** Required work **
Pictures in the records are to be excluded from an otherwise exact copy.

Supplied data START

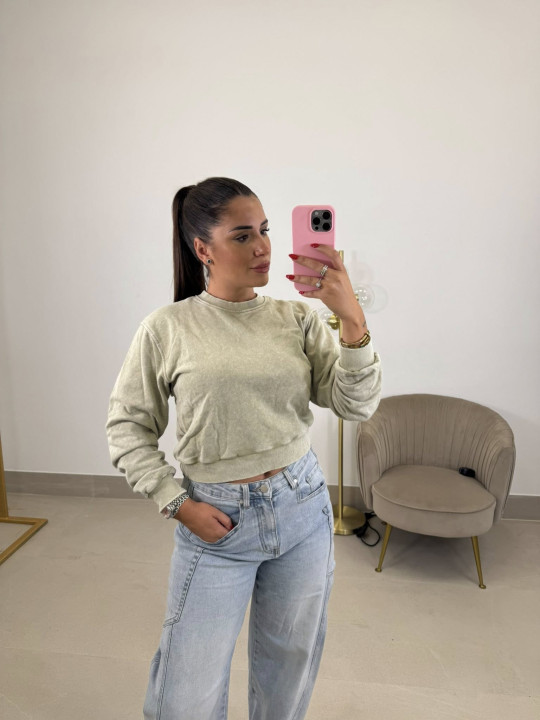 Sudadera desgastada verde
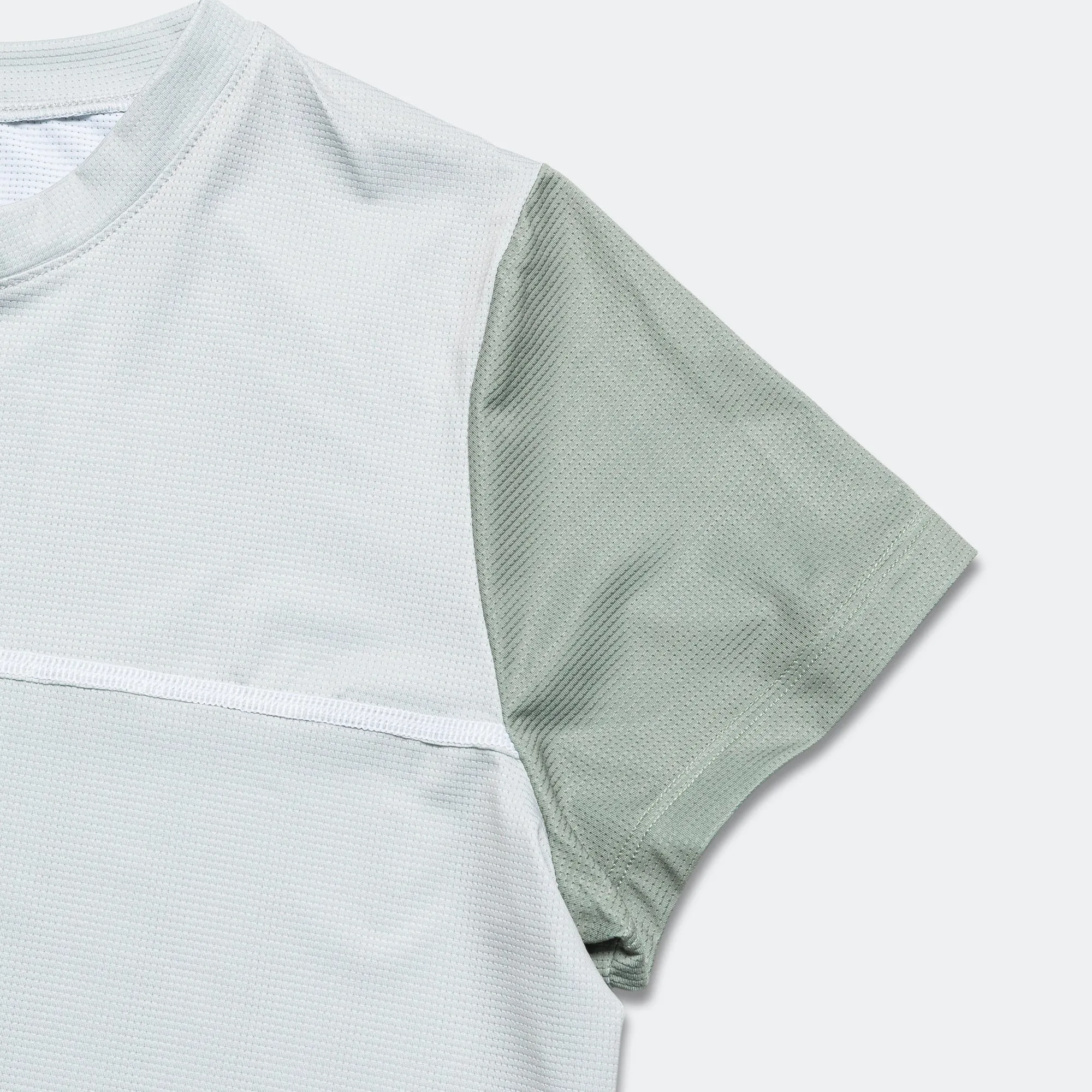 Womens Run Tee - Light Moss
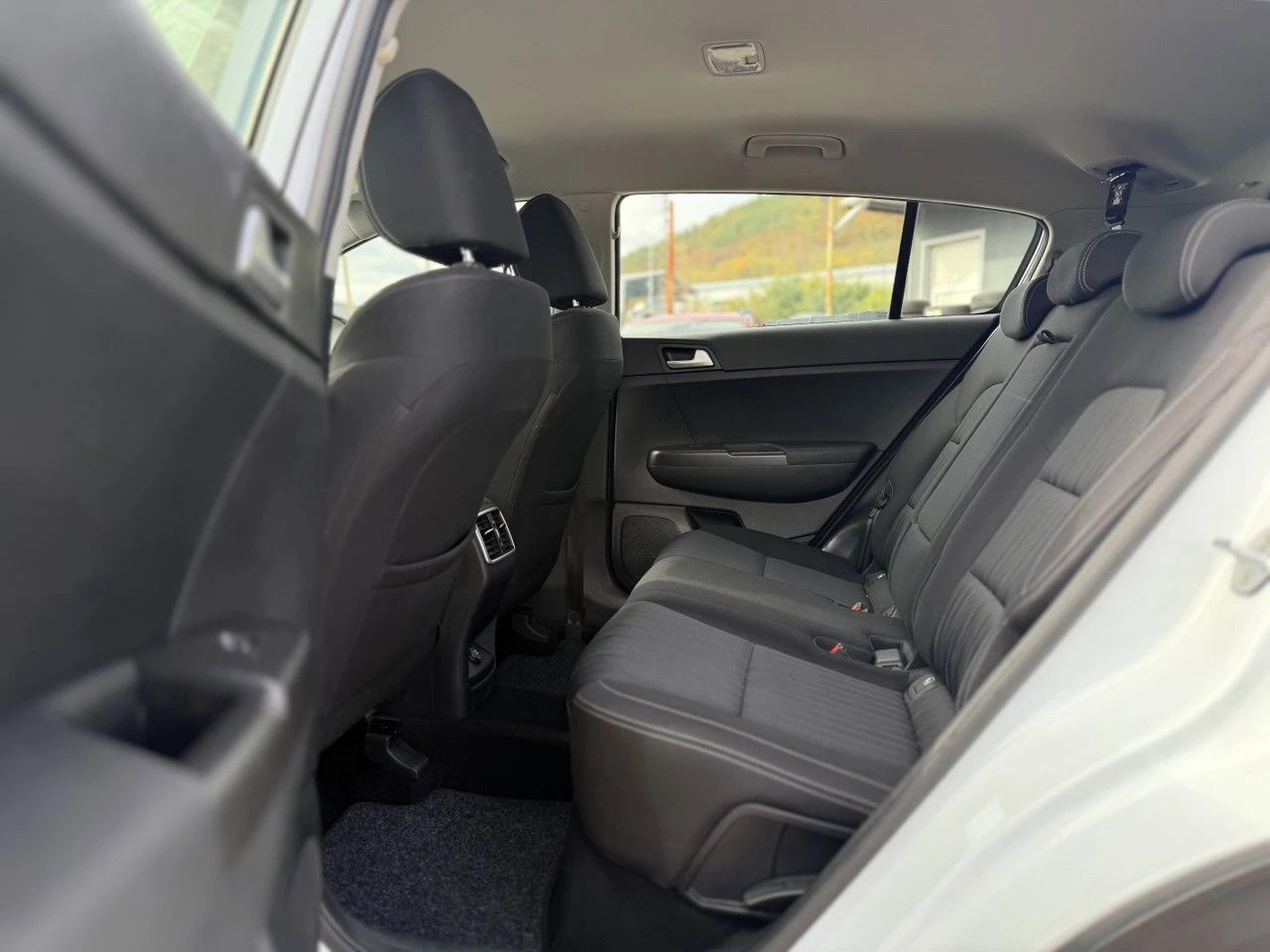 Kia Sportage 1.6i FACELIFT | Mobile.bg � ����������� 11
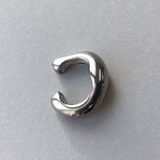 シルバー | C型ニュアンスメタルステンレスイヤーカフ 片耳用 アレルギー対応 | FACION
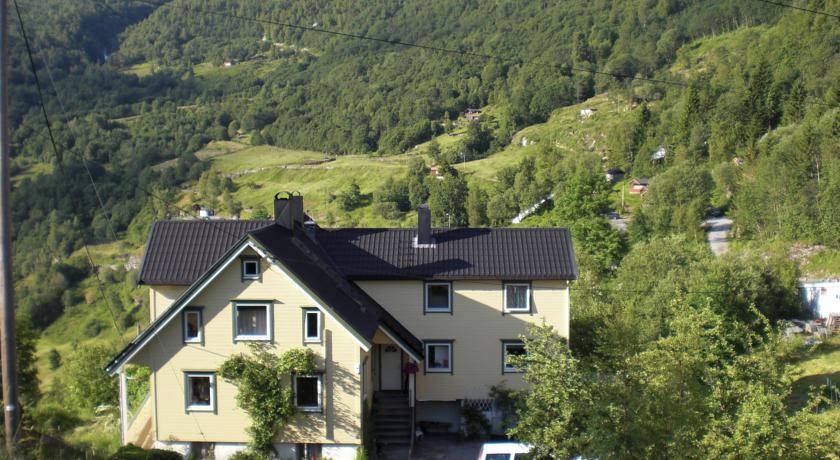 Отель Lunheim Accomodation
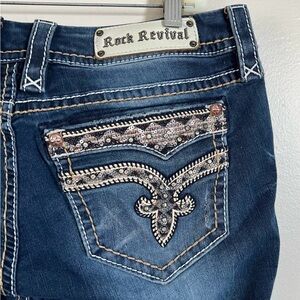 Rock Revival Vivian Mid Rise Curvy Boot Jeans - size 31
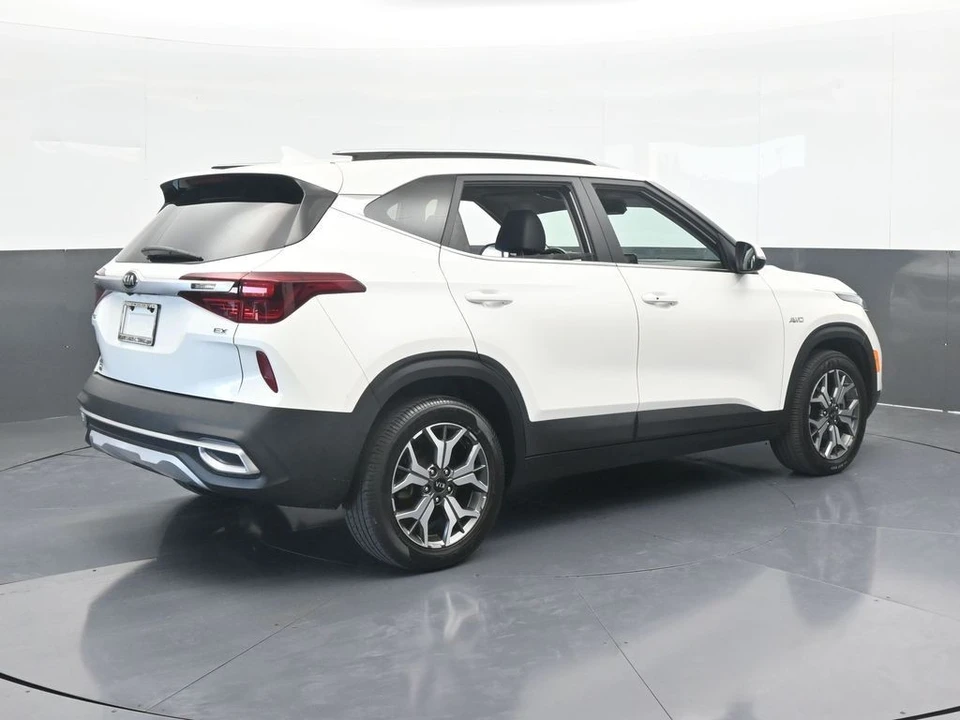 2021 Kia Seltos - Image 6 of 12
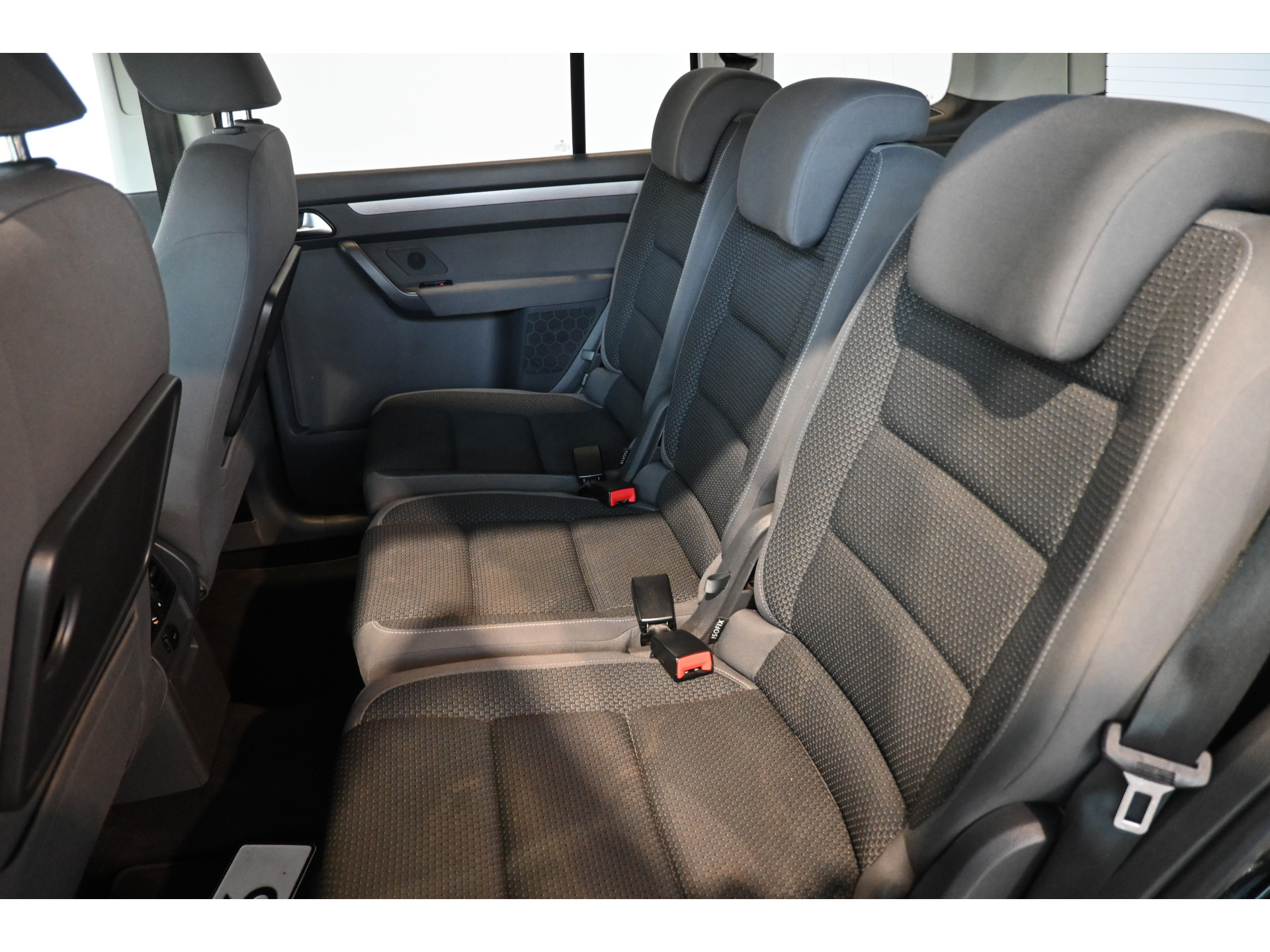 Volkswagen Touran 1.4 TSI Highline Automaat Clima Stoelverwarming Goed Onderhouden! Inruil Mogelijk!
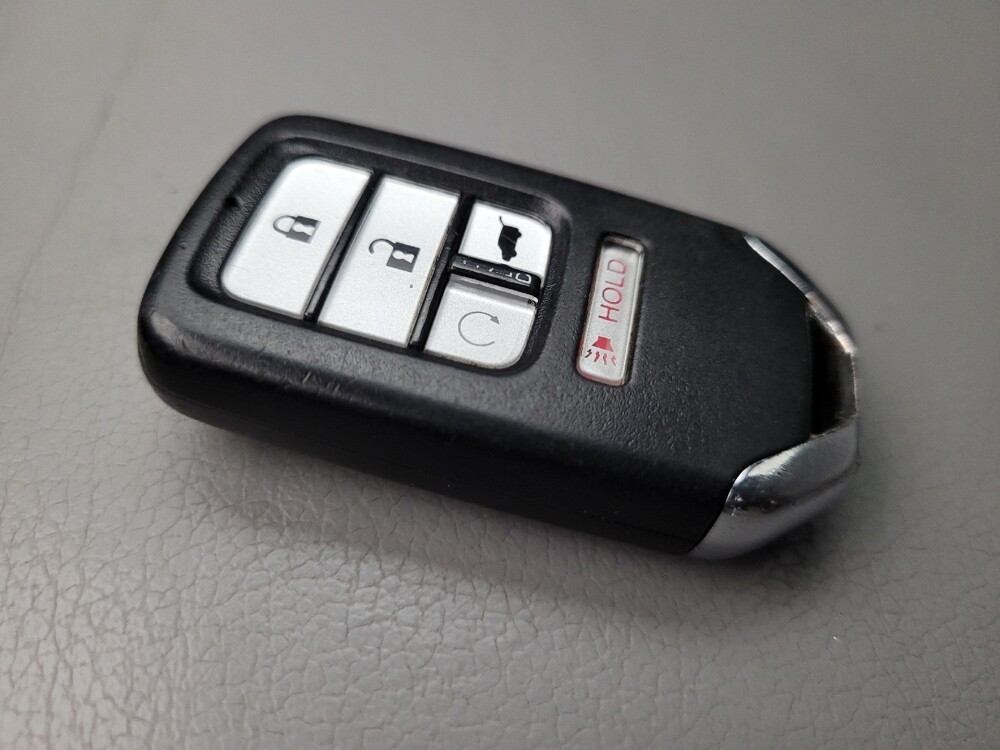 2018 Honda Pilot in Albuquerque, NM 87113 - 18053718 32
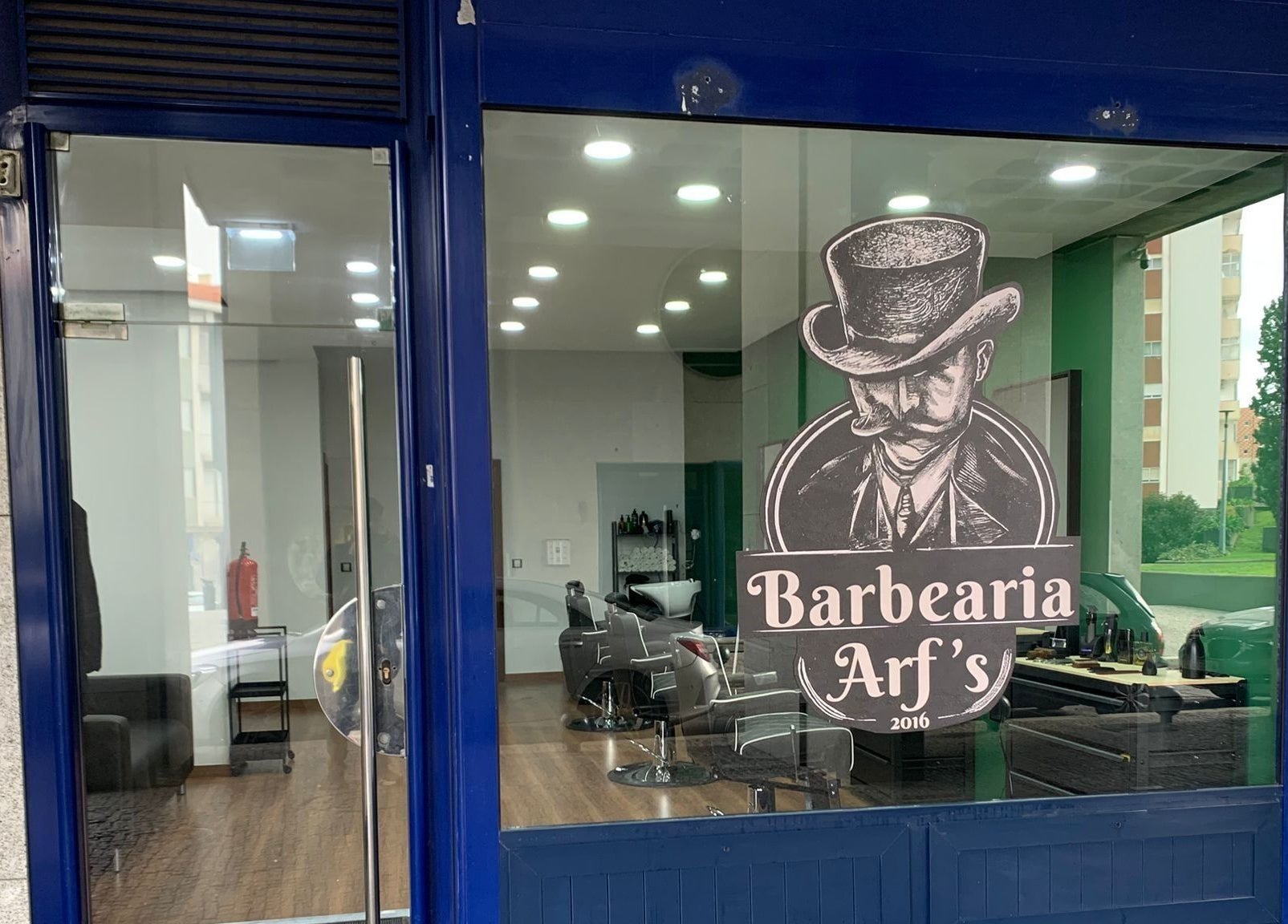 Barbearia Arf'S em Porto, Porto, PT, destacando-se por sua fachada moderna e acolhedora.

Supplied data END

** Answer to the problem **
 Sudadera desgastada verde
 Womens Run Tee - Light Moss
 Kia Sportage 1.6i FACELIFT | Mobile.bg � ����������� 11
 シルバー | C型ニュアンスメタルステンレスイヤーカフ 片耳用 アレルギー対応 | FACION
 Отель Lunheim Accomodation
 Rock Revival Vivian Mid Rise Curvy Boot Jeans - size 31
 2021 Kia Seltos - Image 6 of 12
 Volkswagen Touran 1.4 TSI Highline Automaat Clima Stoelverwarming Goed Onderhouden! Inruil Mogelijk!
 2018 Honda Pilot in Albuquerque, NM 87113 - 18053718 32
 Barbearia Arf'S em Porto, Porto, PT, destacando-se por sua fachada moderna e acolhedora.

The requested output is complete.